DIRECTIONS FOR THIS TASK
You are asked to copy the entire listing exactly, apart from its pictures.

THE INPUT
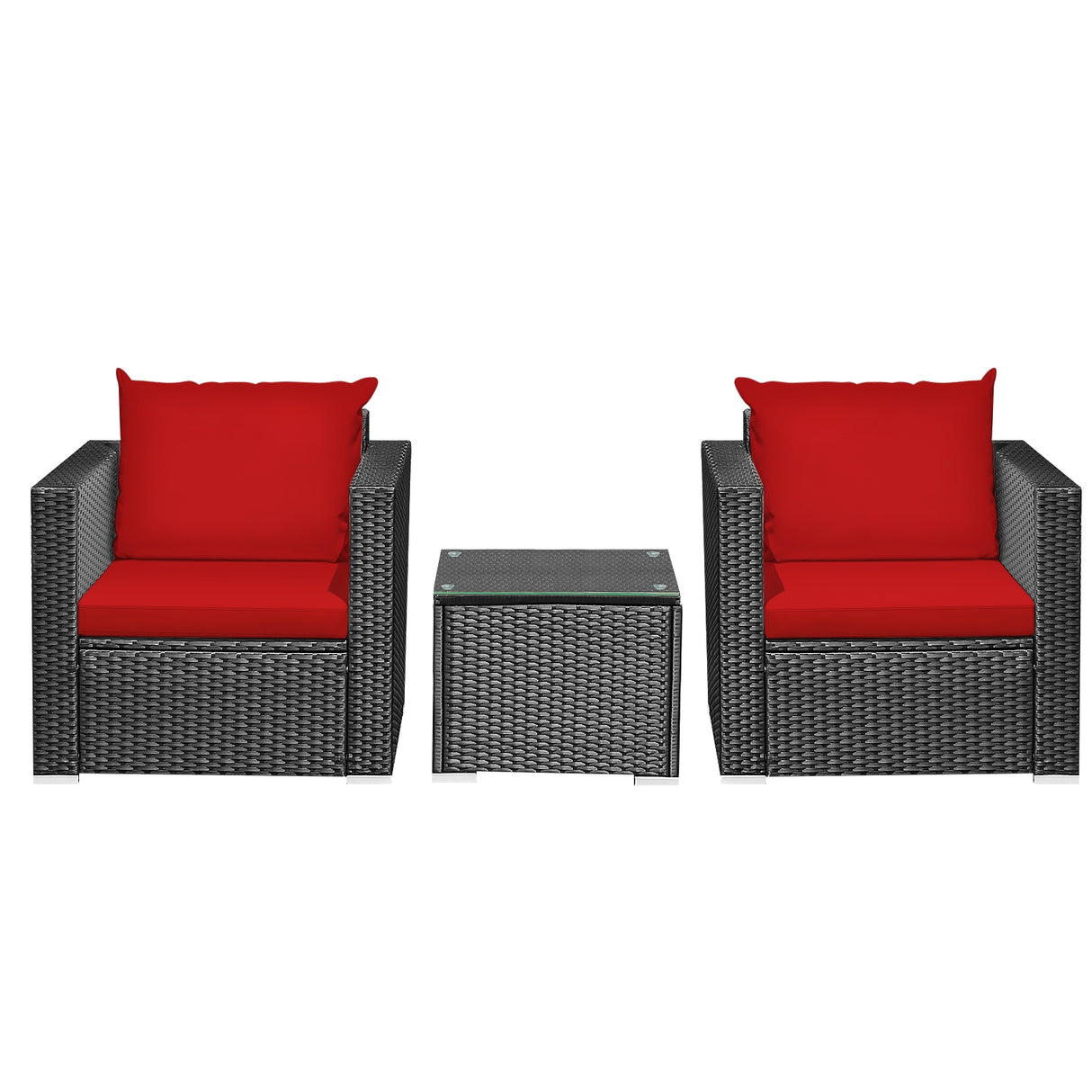 3 Pieces Patio Wicker Conversation SetÂ with Cushion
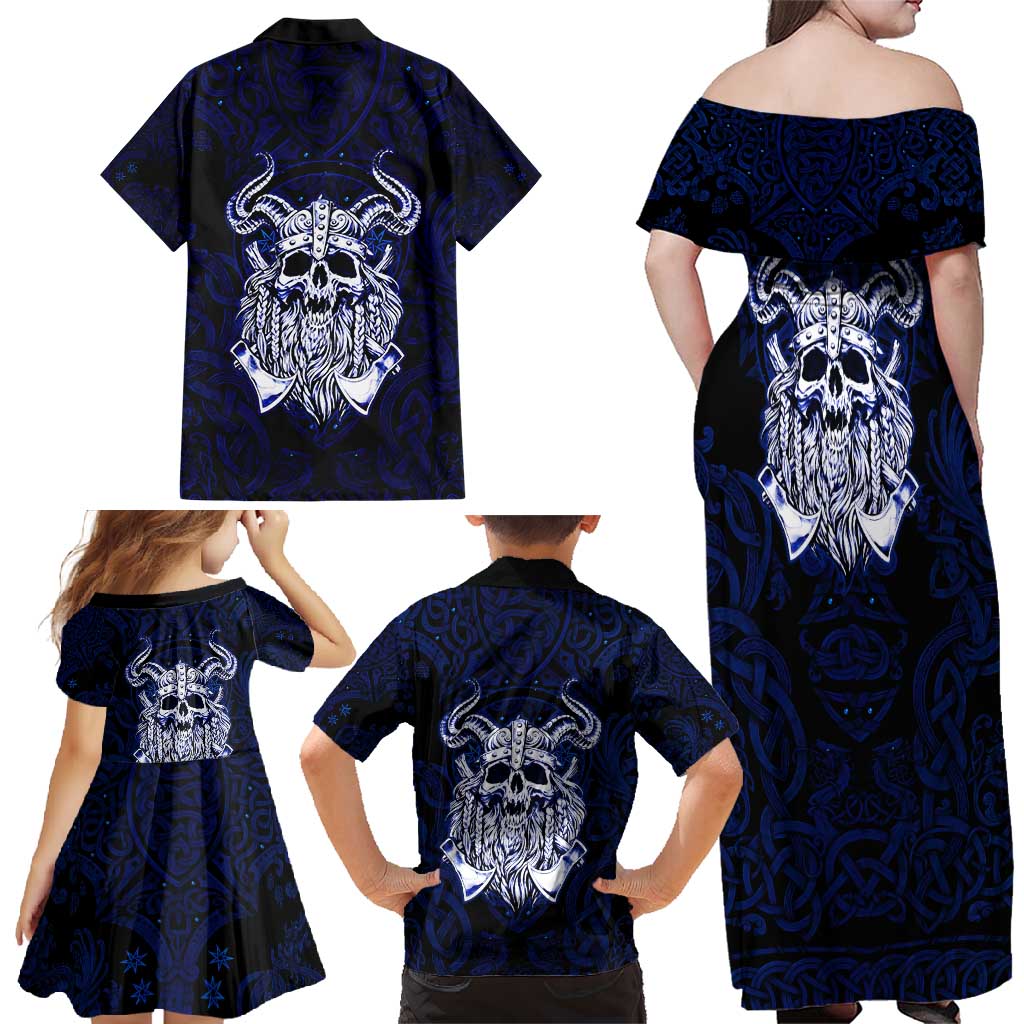 Vikings Skull Family Matching Off Shoulder Maxi Dress and Hawaiian Shirt with Horned Helmet, Blue Axes and Runes Norse Warrior Tribute - Wonder Print Shop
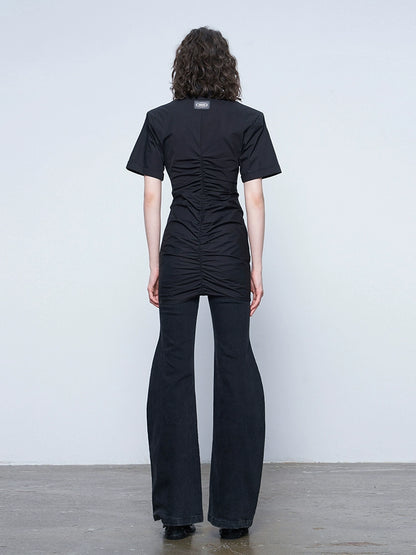 ANNAKIK Black and white pleated waist V-neck dress-FANSIA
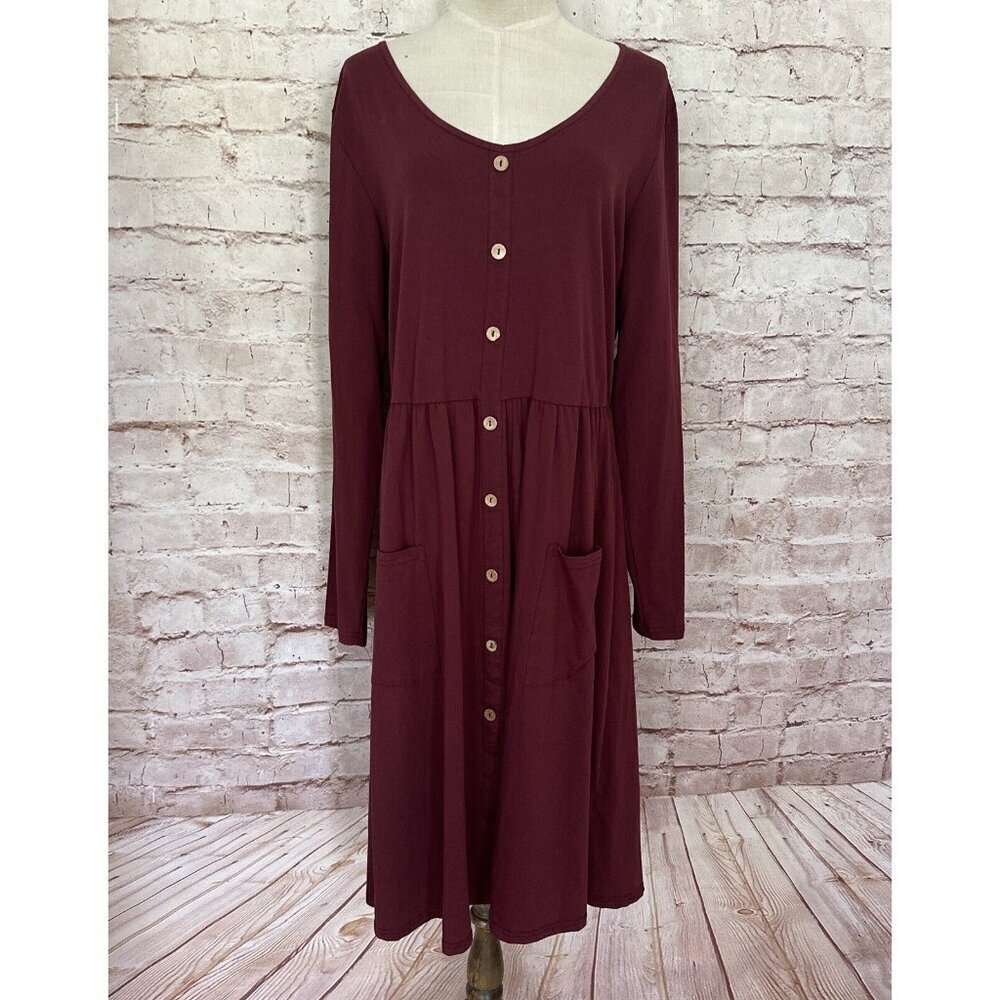 OUGES Womens Shift Dress V Neck Button Front Burgundy Pockets Size XXL NEW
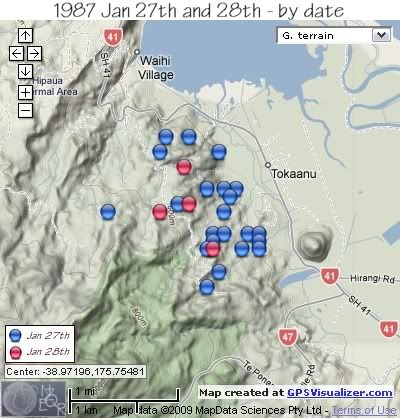  Tokaanu swarm Jan 27th and 28th sorted by date 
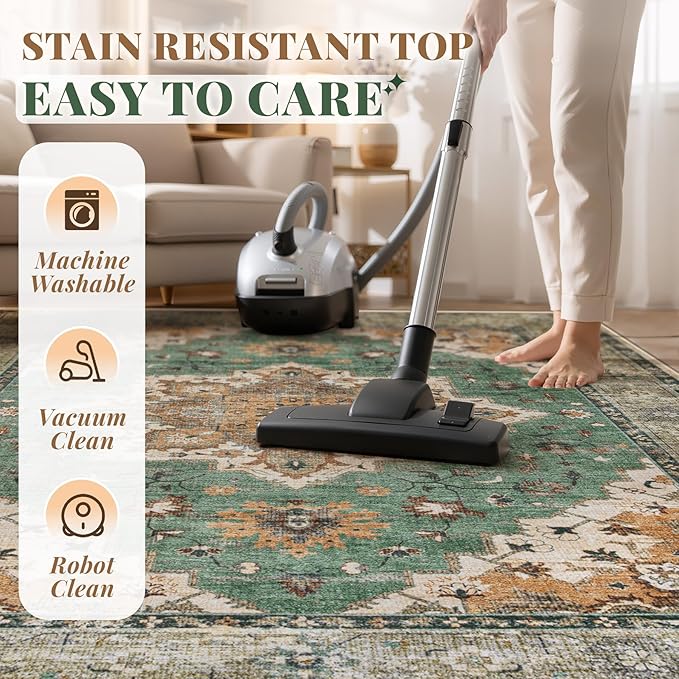 Area Rug 5x7 Vintage Rug: Washable Indoor Medallion Rugs Low Pile Distressed Floor Carpet Retro Accent Rug for Living Room Bedroom Kitchen Dining Table Home Office(Brown Green, 5'x7')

ANSWER SPACE
 3 Pieces Patio Wicker Conversation SetÂ with Cushion
 Vikings Skull Family Matching Off Shoulder Maxi Dress and Hawaiian Shirt with Horned Helmet, Blue Axes and Runes Norse Warrior Tribute - Wonder Print Shop
 ANNAKIK Black and white pleated waist V-neck dress-FANSIA
 OUGES Womens Shift Dress V Neck Button Front Burgundy Pockets Size XXL NEW
  Tokaanu swarm Jan 27th and 28th sorted by date 
 Area Rug 5x7 Vintage Rug: Washable Indoor Medallion Rugs Low Pile Distressed Floor Carpet Retro Accent Rug for Living Room Bedroom Kitchen Dining Table Home Office(Brown Green, 5'x7')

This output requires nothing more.